= Jennifer Herd =

Australian artist

Jennifer Herd is an Australian Indigenous artist with family ties to the Mbar-barrum people of North Queensland. She is a founding member of the ProppaNOW artist collective, and taught at the Queensland College of Art in Brisbane, where she convened both the Bachelor of Fine Art and Contemporary Australian Indigenous Art. In 2003 she won the Queensland College of Art Graduate Students prize, the Theiss Art Prize, for her Masters of Visual Arts.

== Education and teaching ==
Herd received a Certificate in Fashion Design from Queensland College of Art, and worked in fashion and theater for twelve years. She then completed her Diploma of Teaching (Early Childhood Education) from Queensland University of Technology, followed by a Master of Visual Arts from Queensland College of Art. She taught at Queensland College of Art from 1993 until her retirement in 2014.

== Style and themes ==
Herd's artwork frequently explores themes related to Indigenous experience, tradition, and assimilation, based in her experience as an Indigenous woman born "out of country." Shields, an important part of North Queensland culture, are a frequent recurrent in her work, standing in for strength and protection, and drawing on the traditional practice of decoration performed by women for warriors.

== ProppaNOW ==
In 2003 Herd co-founded ProppaNOW, a collective designed to "give urban-based Aboriginal artists a voice." ProppaNOW's aim has been to work collectively to create new and better opportunities for Indigenous artists working in urban environments.

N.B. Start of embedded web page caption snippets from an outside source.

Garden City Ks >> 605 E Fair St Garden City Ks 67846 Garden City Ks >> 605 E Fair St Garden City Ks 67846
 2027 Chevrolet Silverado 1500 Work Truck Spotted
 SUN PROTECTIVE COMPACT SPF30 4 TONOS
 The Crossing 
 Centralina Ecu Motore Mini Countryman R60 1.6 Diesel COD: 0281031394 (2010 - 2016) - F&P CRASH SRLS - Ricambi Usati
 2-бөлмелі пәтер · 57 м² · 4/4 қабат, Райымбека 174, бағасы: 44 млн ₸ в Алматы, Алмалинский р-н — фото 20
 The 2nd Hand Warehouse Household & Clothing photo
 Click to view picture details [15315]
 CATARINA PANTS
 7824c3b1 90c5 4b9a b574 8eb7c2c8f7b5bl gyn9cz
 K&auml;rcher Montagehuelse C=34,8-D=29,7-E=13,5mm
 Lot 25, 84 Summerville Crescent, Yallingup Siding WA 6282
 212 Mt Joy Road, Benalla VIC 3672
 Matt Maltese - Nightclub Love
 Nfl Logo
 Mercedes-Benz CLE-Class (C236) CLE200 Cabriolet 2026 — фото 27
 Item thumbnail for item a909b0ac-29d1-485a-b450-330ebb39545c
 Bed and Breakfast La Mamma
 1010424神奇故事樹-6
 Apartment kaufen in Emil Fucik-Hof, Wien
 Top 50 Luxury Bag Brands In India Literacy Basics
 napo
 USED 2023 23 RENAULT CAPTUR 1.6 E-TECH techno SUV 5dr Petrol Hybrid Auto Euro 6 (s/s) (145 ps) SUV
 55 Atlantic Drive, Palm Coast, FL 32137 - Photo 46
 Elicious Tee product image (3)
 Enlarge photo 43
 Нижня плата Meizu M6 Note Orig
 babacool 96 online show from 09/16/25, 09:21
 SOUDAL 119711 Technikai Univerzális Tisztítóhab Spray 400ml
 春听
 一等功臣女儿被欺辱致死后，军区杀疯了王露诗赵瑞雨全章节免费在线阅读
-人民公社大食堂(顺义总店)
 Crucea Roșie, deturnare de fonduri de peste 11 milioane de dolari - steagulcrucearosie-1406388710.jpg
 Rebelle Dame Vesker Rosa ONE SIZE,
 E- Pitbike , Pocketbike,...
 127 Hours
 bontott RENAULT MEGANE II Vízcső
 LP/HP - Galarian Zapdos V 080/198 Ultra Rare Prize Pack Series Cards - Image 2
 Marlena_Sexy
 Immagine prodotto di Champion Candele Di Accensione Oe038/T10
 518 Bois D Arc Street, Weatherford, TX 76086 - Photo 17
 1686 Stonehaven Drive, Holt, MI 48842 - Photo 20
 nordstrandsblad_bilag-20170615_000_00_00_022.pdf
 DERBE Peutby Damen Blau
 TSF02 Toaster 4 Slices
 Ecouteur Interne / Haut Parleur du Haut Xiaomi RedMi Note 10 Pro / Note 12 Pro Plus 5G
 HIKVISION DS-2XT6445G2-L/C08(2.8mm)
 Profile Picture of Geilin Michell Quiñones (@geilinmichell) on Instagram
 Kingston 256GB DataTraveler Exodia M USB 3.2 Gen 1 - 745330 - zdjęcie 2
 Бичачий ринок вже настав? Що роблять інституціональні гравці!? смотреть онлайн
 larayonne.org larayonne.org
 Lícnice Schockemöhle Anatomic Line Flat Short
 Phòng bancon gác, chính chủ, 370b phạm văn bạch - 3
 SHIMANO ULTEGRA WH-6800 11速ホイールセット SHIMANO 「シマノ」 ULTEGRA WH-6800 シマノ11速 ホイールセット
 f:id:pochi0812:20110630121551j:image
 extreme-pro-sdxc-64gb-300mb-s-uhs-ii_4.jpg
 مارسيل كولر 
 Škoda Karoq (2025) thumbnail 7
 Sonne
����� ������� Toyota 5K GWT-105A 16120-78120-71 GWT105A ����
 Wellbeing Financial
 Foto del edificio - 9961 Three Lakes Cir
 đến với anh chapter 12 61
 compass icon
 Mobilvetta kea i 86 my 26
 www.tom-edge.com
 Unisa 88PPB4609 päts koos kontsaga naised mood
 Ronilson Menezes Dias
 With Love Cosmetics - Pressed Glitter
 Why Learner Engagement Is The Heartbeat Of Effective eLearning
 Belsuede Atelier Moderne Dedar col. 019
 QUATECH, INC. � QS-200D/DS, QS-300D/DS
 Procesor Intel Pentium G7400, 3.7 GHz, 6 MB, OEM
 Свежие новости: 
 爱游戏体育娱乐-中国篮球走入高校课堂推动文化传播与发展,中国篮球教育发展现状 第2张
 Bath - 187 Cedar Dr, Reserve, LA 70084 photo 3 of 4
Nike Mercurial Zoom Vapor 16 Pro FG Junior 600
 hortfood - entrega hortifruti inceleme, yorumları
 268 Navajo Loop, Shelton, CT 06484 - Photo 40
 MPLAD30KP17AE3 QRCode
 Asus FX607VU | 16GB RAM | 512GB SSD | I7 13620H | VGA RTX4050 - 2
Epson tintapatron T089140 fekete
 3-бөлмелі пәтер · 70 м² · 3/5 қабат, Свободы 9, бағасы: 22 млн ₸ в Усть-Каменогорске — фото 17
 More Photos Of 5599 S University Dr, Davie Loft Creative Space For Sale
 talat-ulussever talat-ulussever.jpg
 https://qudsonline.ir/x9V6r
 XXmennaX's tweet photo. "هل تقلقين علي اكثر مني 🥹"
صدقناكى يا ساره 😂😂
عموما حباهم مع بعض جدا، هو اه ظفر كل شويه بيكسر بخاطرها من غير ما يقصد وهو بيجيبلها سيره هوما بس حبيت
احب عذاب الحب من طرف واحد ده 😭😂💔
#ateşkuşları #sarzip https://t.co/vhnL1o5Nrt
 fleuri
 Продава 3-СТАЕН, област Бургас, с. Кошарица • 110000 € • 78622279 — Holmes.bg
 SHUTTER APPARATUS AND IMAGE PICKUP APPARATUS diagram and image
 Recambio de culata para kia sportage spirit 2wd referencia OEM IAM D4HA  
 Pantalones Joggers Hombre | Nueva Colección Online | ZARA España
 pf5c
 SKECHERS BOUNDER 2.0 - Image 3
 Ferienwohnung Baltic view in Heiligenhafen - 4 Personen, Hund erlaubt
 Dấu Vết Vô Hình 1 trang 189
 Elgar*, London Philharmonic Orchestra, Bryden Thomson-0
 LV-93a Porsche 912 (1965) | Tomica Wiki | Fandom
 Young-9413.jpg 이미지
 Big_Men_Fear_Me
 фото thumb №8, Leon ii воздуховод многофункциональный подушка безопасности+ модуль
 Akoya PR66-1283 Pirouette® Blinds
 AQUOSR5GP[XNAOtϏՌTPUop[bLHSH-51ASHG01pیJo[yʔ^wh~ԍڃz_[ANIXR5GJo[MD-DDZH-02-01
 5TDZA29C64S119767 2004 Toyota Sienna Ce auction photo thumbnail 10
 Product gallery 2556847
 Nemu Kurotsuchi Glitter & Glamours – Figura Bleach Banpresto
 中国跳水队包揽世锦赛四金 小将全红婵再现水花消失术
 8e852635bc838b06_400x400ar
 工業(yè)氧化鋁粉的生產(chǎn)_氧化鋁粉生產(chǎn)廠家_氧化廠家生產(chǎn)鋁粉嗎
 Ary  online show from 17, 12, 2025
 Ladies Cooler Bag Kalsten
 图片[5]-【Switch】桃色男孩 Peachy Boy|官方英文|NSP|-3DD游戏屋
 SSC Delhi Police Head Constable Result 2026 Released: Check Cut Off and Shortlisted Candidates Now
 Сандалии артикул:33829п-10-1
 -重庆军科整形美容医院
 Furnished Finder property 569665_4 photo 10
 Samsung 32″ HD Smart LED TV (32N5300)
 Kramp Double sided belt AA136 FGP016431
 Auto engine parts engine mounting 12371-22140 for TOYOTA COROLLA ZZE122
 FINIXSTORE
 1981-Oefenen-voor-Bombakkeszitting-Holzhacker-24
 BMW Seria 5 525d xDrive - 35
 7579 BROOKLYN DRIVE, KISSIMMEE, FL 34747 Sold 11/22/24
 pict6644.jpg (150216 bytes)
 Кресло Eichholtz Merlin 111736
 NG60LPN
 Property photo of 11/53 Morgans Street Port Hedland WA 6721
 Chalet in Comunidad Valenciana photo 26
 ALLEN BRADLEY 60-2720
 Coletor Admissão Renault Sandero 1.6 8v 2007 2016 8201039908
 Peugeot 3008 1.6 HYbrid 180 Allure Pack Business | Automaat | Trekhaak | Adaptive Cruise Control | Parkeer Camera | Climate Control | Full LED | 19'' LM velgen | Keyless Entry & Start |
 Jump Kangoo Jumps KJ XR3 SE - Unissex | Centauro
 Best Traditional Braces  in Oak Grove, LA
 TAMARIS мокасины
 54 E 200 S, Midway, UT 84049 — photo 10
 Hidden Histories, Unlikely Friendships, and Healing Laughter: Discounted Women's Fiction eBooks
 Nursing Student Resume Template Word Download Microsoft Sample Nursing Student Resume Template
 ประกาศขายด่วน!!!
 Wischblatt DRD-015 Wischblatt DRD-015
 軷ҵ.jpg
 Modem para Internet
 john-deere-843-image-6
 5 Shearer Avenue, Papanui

== Exhibitions and awards ==

=== Exhibitions ===

- 2015 GOMA Q: Contemporary Queensland Art Gallery of Modern Art Brisbane
- 2012 proppaNOW exhibition Fehily Contemporary Collingwood Melbourne
- 2012 proppaNOW exhibition Kural Dargun Indigenous Knowledge Centre State Library of Queensland
- 2011 Shared Vision QCA Poland Travelling Exhibition Poland
- 2011 Australia Felix Philadelphia, United States, America
- 2011 Black See Cairns Indigenous Art Fair KickArts Cairns
- 2011 Flash Women Kural Dargun Indigenous Knowledge Centre State Library of Queensland
- 2011 proppaNOW New & Recent WorksShow Canberra Art Space, ACT
- 2011 The Tower of Babel Project Woodford Folk Festival contributing artist Woodford
- 2010 Southbank Board Walk Project Griffith University and Southbank Corp
- 2010 Just Drawn Linden Gallery Fitzroy Melbourne Victoria
- 2010 Putsch Adelaide Festival contributing artist proppaNOW Tandanya Exhibition Adelaide
- 2009-2010 Woodford Folk Festival Canoe Project contributing artist Woodford
- 2010 proppaNOW Women’s Business Sydney College of Art
- 2007 Friendly Fire GPG George Petelin Gallery Southport
- 2007 Thresh Holds of Tolerance Canberra School of Arts Australian National University
- 2006 Colonial to Contemporary QCA, 125 years Galleria Queensland College of Art South Brisbane
- 2006 There Goes the Neighbourhood proppaNOW Studios West End
- 2005 San Francisco Bayiennally’ San Francisco California USA
- 2005 Thick and Fast proppaNOW Group Show Powerhouse QLD
- 2005 proppaNOW Launch Show ProppaNOW Studios West End Brisbane
- 2005 Q Pacifica Project Gallery QCA Griffith University Brisbane
- 2005 Dreaming Festival ProppaNOW Lane Gallery Auckland New Zealand
- 2005 ProppaNOW Brisbane Convention Centre Brisbane

=== Selected awards ===

- 2017 Sunshine Coast Art Prize (Highly Commended Award) Caloundra Regional Gallery
- 2016 33rd National Aboriginal and Torres Strait Islander Art Awards (Finalist) Museum and Art Gallery Northern Territory
- 2003 Theiss Prize (winner) QCA Gallery Griffith University Southbank

== Career and Influences ==
In 2021 Jennifer Herd was interviewed in a digital story and oral history for the State Library of Queensland's James C Sourris AM Collection. In the interview Herd talks to artist and academic, Pat Hoffie about her life, her art and her inspirations.